It’s for things like dotfiles, apt/brew packages, and LaunchAgents/systemd.

EDIT: I feel a little bad having hijacked this, as someone that hears a lot of opinions about devtools I can definitely say chezmoi is a darling of the community and I highly recommend checking it out.

6 comments

I am quite intrigued. With the sorry state of security, I am doing everything in VMs and have been trying to settle on the best way to setup a new machine. The process is so clunky that I end up defaulting to bigger instances than I should (more pets than cattle).

Being able to centralize this config is far more attractive than having a separate Ansible or pyinfra process.

Edit: The docs on this are very encouraging! However, it is not clear- what is experimental? Anything notably buggy or churning? Any far off features you hope to implement some day?

ALL mise features are experimental until the design is finalized. I don’t do breaking changes except in exceptional circumstances with a long procedure, so experimental means I have the liberty of making them in any release. It is not at all any marker of quality. That said, in practice I don’t make them often.

I’d argue it’s a good time to play with features since if you have any ideas on how it might better fit your workflow I still have the ability to change the design before it’s largely frozen.

i would reach for atomic fedora personally, maybe with bluebuild
That still feels like more external tooling, plus letting the distro make my packaging decisions. I am already using mise, so this is an almost free boon without more complexity.
Just started moving things to mise and didn’t see this before, thanks.

Hopefully can use this alone instead of needing to combine w/ chezmoi / nix to get everything shell and pkg manager agnostic, consistent, and DRY (bash/zsh/fish + macports/pkgsrc/brew).

it's dependency free. You don't even need brew to install brew formulas.

The "exception" to that are linux package managers like apt-get and dnf which it calls under the hood. I think can't be an actual issue since it's not like you would ever use ubuntu/redhat without their system package manager installed.

I saw it the other day in the release notes and I'm definitely setting this up since I already use mise for many of my global tools and projects.

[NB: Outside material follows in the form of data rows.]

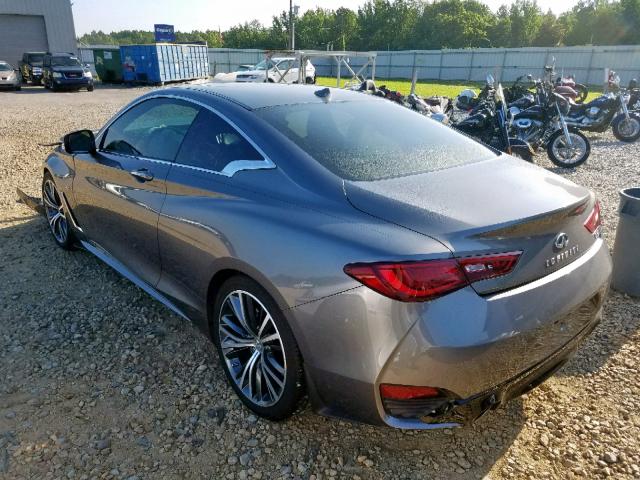 JN1EV7EK2JM343139 - 2018 INFINITI Q60 LUXE 3 GRAY photo 3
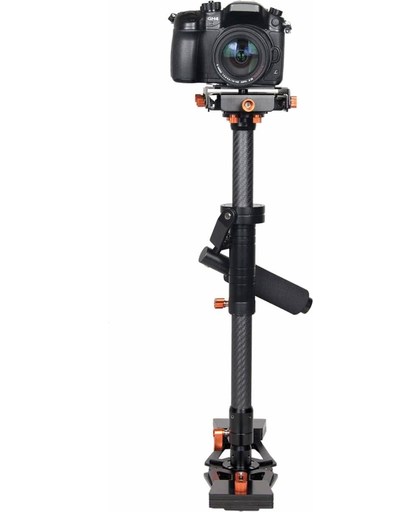 YELANGU S800 Professional 47-80cm Maximum Burden 5kg Carbon Fibre Handheld Stabilizer voor DSLR & DV Digital Video & other Cameras
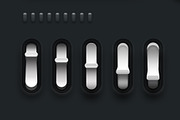 Buttons and Switches - Mega UI V1, an UI Kit Template by Giallo (Thumbnail 3 of 7)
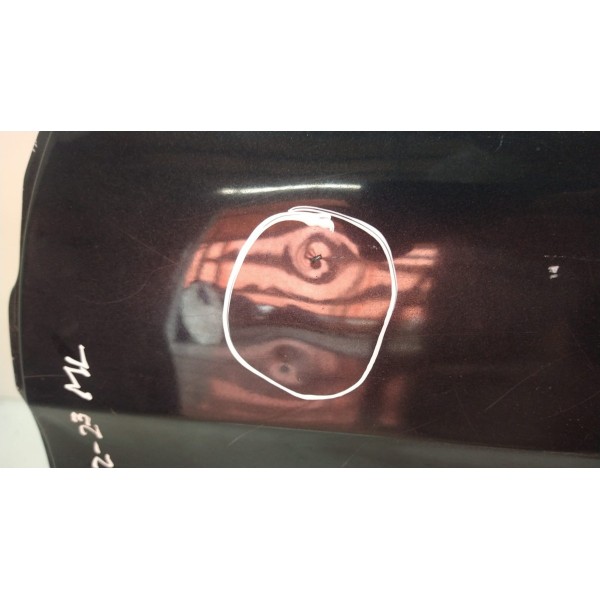 Porta Traseira Esquerda Citroën Picasso 2008 Apenas Lata Traseira Esquerdo Preto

Some months ago I ported part of my git bare repo to chezmoi but never really picked it up since, even if I see it as a great and very complete tool for managing complex dotfiles, I don't have many machines and can live by with a bunch of if uname -s, and the fact that I still need to wrangle brewfiles and scripts for packages. Having the sytem package managers glue along the configs and symlinks is exactly what I wanted.

Are there plans to support MacPorts as a packaging system? I only use Homebrew for casks, because I find it unreliable for core development tools.
Haven't looked into it but agents are so good at this I bet it'll be trivial to add
I was just wondering if I could replace my personal Ansible setup with something simpler and now you dropped this.

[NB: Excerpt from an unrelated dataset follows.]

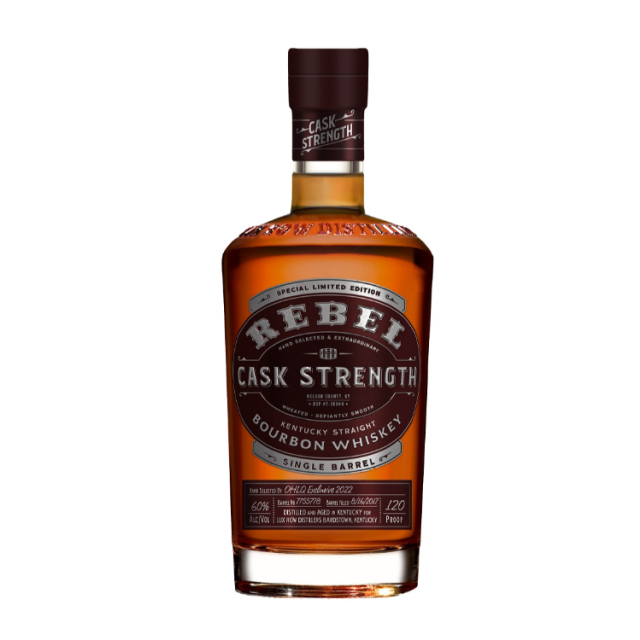 REBEL Cask Strength Single Barrel Bourbon Whiskey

Perfect timing, I'm already 80% done with the transition :D

Ha, I came here to share this! :)

Thanks so much for your work on mise! I used to be a heavy asdf user but nowadays I'm an even heavier mise user!

Random question while you're here: mise is undergoing pretty heavy development these days and I recently noticed that 1) my coworkers and I are not always on the same version, so some features/bug fixes are not available to everyone, and 2) package registries often don't have the latest mise version.

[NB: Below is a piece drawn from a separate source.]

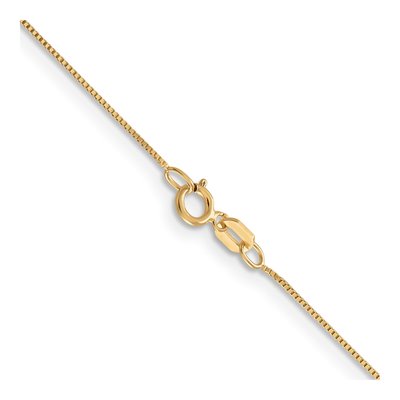 14K Yellow Gold 0.5mm Box Chain – view 3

So I think we need a meta tool manager here to manage the tool manager version. :) Seriously, though, have you considered having mise manage its own version? I think that'd be pretty neat!

Thinking aloud, I guess one way to do this might be to distribute through package registries only a lightweight bootstrap application, which 1) reads the pinned mise version from mise.toml and downloads it as necessary, and 2) sets up a basic shell hook that the active mise version can then hook into(?) I know, this probably sounds a lot easier than it actually is.

The problem with mise managing its own version is perf. I don't want a shim that has to read config files to exec the right version.

I would make use of min_version. It's not perfect, but will at least help bring laggards along.

That makes sense! I wasn't aware of min_version for some reason, thanks so much!